Peace Like A River


It was a wide river, mistakable for a lake or even an ocean unless you'd been wading and knew its current. Somehow I'd crossed it... Now I saw the stream regrouped below, flowing on through what might've been vineyards, pastures, orhards... It flowed between and alongside the rivers of people; from here it was no more than a silver wire winding toward the city. - Leif Enger, Peace Like A River

Thursday, June 01, 2006

The terrorists sure have the NYTimes figured out

They know all they have to do is set off a few explosions, kill some people, get themselves killed by the hundreds, and the New York Times will fall in line and start writing editorials like this:

Something has gone alarmingly wrong in Afghanistan, previously touted as the Bush administration's one quasi-successful venture in nation-building. Afghanistan's rising carnage still has not reached Iraq-like levels. But the trend is running in decidedly the wrong direction. Poorly thought-out American policies are at least partly to blame.


Is Afghanistan perfect? No. Has Taliban activity been increasing lately, as opposed to last year? Yes. And it's true, the Afghan government's authority is not strong out in the provinces where warlords rule. The drug trade is booming.

But is Afghanistan on the verge of hell and anarchy? Have things "gone alarmingly wrong?" Challenges abound, but, instead of immediately lapsing into defeatism, can we not as a nation toughen our resolve?

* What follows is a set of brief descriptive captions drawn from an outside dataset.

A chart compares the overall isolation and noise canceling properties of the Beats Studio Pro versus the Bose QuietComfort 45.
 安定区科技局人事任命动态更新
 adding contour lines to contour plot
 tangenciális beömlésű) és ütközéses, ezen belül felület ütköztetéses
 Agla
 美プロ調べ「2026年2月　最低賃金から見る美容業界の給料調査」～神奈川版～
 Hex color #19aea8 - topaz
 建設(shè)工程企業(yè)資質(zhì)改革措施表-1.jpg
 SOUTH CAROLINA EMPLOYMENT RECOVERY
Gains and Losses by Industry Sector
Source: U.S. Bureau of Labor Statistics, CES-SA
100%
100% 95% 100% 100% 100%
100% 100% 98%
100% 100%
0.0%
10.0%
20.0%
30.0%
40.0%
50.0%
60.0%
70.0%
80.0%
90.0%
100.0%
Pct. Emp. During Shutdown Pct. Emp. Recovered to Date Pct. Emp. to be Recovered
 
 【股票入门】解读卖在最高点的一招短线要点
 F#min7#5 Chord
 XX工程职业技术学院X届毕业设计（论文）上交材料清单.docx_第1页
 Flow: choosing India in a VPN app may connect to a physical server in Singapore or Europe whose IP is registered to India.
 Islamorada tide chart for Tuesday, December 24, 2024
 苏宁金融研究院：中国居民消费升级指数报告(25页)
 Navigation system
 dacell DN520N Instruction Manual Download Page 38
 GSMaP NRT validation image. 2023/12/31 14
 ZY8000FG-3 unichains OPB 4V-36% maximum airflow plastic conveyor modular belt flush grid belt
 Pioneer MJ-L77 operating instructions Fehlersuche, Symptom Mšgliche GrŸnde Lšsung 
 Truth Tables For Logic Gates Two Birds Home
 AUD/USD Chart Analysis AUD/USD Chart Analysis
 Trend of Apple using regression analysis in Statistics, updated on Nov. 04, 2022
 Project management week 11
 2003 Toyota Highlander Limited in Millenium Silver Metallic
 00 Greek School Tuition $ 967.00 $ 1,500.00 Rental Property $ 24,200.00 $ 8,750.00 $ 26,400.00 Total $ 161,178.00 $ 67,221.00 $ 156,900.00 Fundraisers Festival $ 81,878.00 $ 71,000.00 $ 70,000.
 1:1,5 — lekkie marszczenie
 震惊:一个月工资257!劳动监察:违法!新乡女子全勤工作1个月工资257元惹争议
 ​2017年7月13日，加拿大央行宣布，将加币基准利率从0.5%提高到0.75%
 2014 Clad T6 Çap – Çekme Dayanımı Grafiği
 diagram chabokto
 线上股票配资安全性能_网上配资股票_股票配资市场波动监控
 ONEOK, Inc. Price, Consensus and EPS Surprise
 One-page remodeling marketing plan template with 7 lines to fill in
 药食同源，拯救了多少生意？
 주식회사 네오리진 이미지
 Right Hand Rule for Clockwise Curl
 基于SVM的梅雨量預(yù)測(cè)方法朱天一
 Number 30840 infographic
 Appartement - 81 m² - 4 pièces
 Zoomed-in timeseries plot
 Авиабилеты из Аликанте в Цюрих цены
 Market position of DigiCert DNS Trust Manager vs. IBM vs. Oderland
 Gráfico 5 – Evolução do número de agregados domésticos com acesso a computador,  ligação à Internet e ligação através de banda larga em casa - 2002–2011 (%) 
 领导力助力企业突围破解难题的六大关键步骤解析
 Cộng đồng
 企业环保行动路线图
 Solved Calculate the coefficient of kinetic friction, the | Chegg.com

As Victor Davis Hanson wrote:

What we need, then, are not more self-appointed ethicists, but far more humility and recognition that in this war nothing is easy. Choices have been made, and remain to be made, between the not very good and the very, very bad. Most importantly, so far, none of our mistakes has been unprecedented, fatal to our cause, or impossible to correct.

So let us have far less self-serving second-guessing, and far more national confidence that we are winning — and that radical Islamists and their fascist supporters in the Middle East are soon going to lament the day that they ever began this war.